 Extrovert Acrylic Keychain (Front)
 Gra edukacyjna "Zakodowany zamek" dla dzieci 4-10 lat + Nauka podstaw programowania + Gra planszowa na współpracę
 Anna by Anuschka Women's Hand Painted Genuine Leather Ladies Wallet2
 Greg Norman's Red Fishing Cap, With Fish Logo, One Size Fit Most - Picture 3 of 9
==
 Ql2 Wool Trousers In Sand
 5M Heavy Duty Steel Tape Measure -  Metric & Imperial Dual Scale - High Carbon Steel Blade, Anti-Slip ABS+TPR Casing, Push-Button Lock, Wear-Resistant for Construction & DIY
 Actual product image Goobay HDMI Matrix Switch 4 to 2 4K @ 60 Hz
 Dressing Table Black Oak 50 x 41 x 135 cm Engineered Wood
---
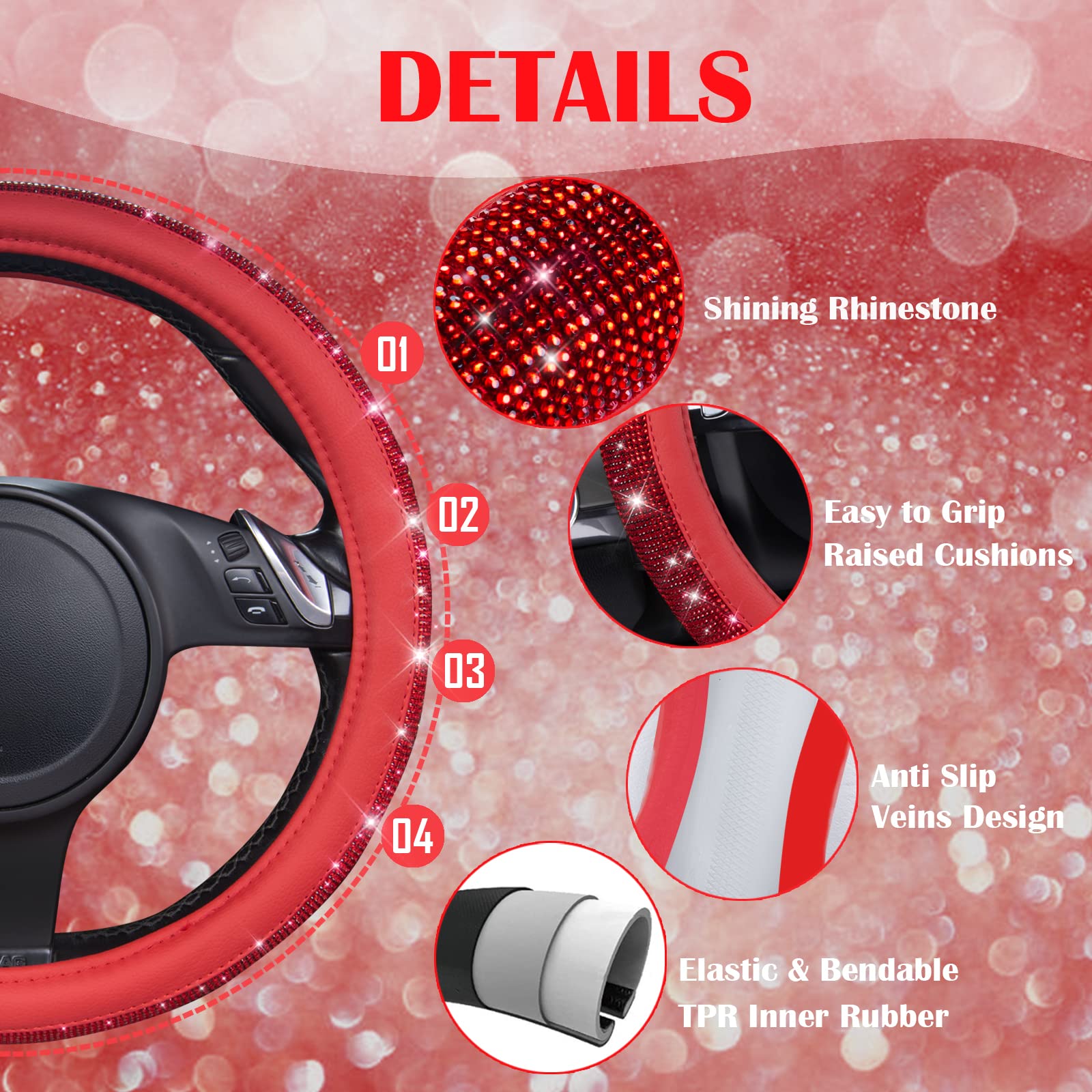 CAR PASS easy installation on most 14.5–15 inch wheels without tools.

## Exercise requirements
All lines above from the one containing "Extrovert Acrylic Keychain (Front)" to the one containing "Greg Norman's Red" must be repeated exactly, both lines included, and no others.

## Answer to this exercise
 Extrovert Acrylic Keychain (Front)
 Gra edukacyjna "Zakodowany zamek" dla dzieci 4-10 lat + Nauka podstaw programowania + Gra planszowa na współpracę
 Anna by Anuschka Women's Hand Painted Genuine Leather Ladies Wallet2
 Greg Norman's Red Fishing Cap, With Fish Logo, One Size Fit Most - Picture 3 of 9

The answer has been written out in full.